Government halts Makola Market demolition after traders’ resistance

The government has suspended plans to demolish parts of the Makola Market for redevelopment following strong opposition from traders who argued that the exercise would threaten their businesses and livelihoods.
The decision comes after traders protested against the planned demolition and petitioned authorities to reconsider what they described as a forceful eviction without adequate consultation.
According to the traders, the redevelopment process should not proceed without proper engagement, clear relocation plans and a mutually agreed roadmap to protect affected businesses.
During a visit to the market on Saturday, May 16, the Minister for Gender, Children and Social Protection, Agnes Naa Momo Lartey, announced that the demolition exercise had been put on hold to allow further consultations with the traders.
Addressing the aggrieved traders, the Minister stated that the planned demolition scheduled for Monday would no longer proceed as authorities seek to review the concerns raised.
“I will not urge the Monday demolition to commence. We will not rush to carry out any action because there are many issues involved. Based on what we have heard, it is better that we create a clear path for dialogue and resolve the matter peacefully, because the current situation may not be acceptable to everyone,” she said.

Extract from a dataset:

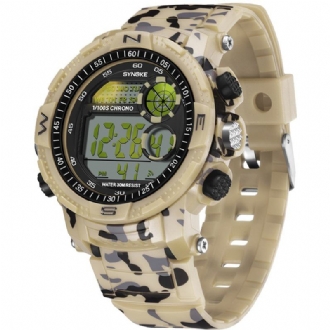 Sport Herrklocka Vattentät Lysande Date Week Display Camouflage Outdoor Digital Watch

She assured the traders that the government remains committed to dialogue and would engage all stakeholders to find a lasting solution to the impasse.
According to the Minister, the government will reassess the steps taken so far and determine the best approach moving forward.

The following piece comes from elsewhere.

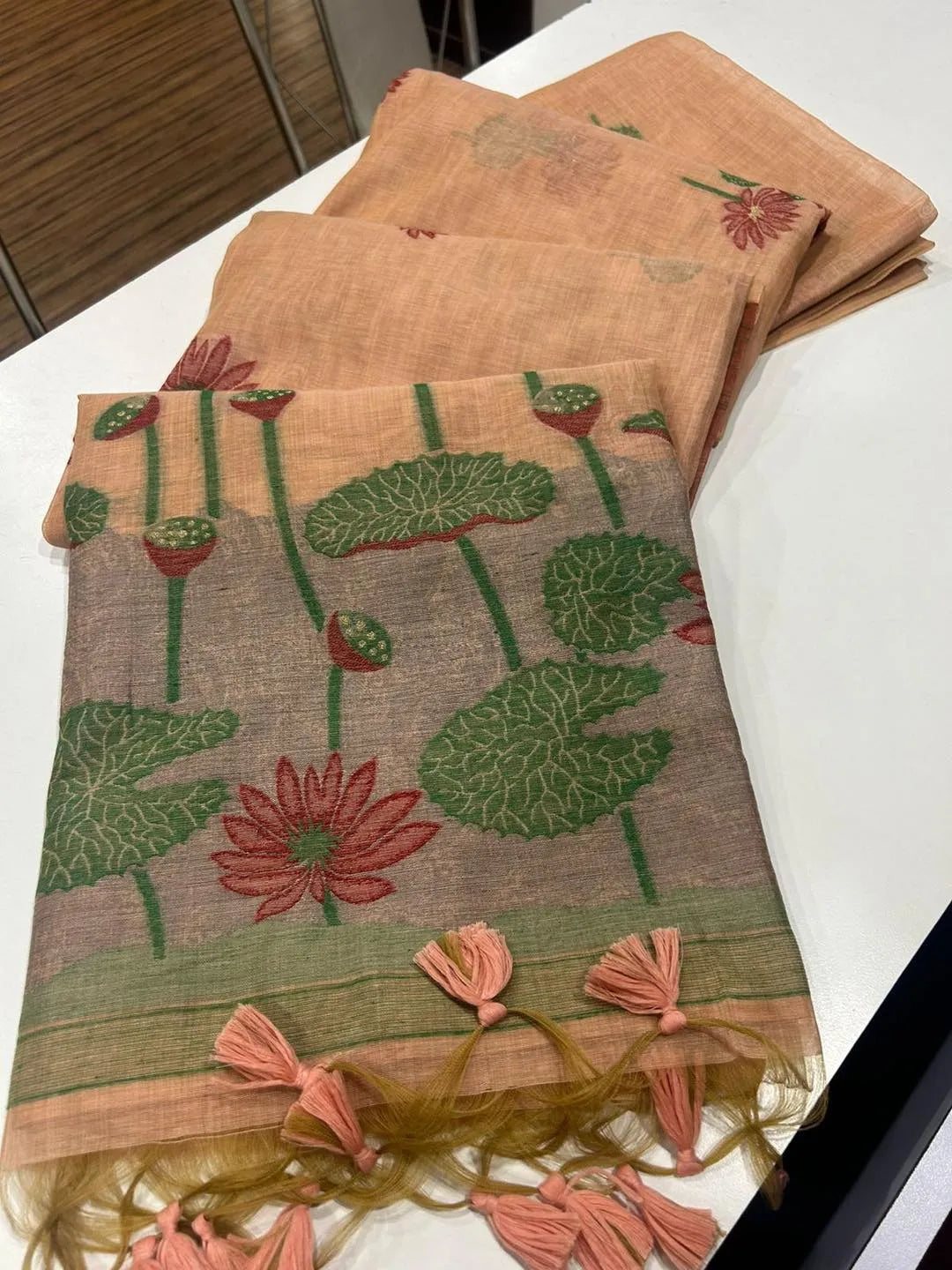 Premium Soft Pichwai Pallu Muga Cotton Saree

“Yes, we are going back to the drawing board. I came here on the instructions of John Dramani Mahama, and because concerns have been raised, I will return to the Metro authorities to review all the steps taken so far. We will assess what can be revised, what needs more emphasis, and how best to move forward,” she added.
She also appealed to the traders to remain calm as discussions continue.
The traders welcomed the intervention, describing it as a positive step toward resolving the dispute, while insisting that proper consultations should have taken place before the redevelopment plan was announced.
Speaking on behalf of the traders’ association, Ebenezer Birikorang said the traders are not opposed to development but want authorities to consider the human and economic impact of relocation.
“We have never said we are against development. This market has seen renovations before, and we understand that development is necessary. But where there are human costs, there must also be dialogue so that people’s concerns are addressed,” he stated.
Mr. Birikorang explained that many traders have spent years building their businesses at the market, with some operating there for more than eight years.
He warned that any abrupt displacement could negatively affect traders, especially those repaying loans or expecting imported goods tied to their businesses.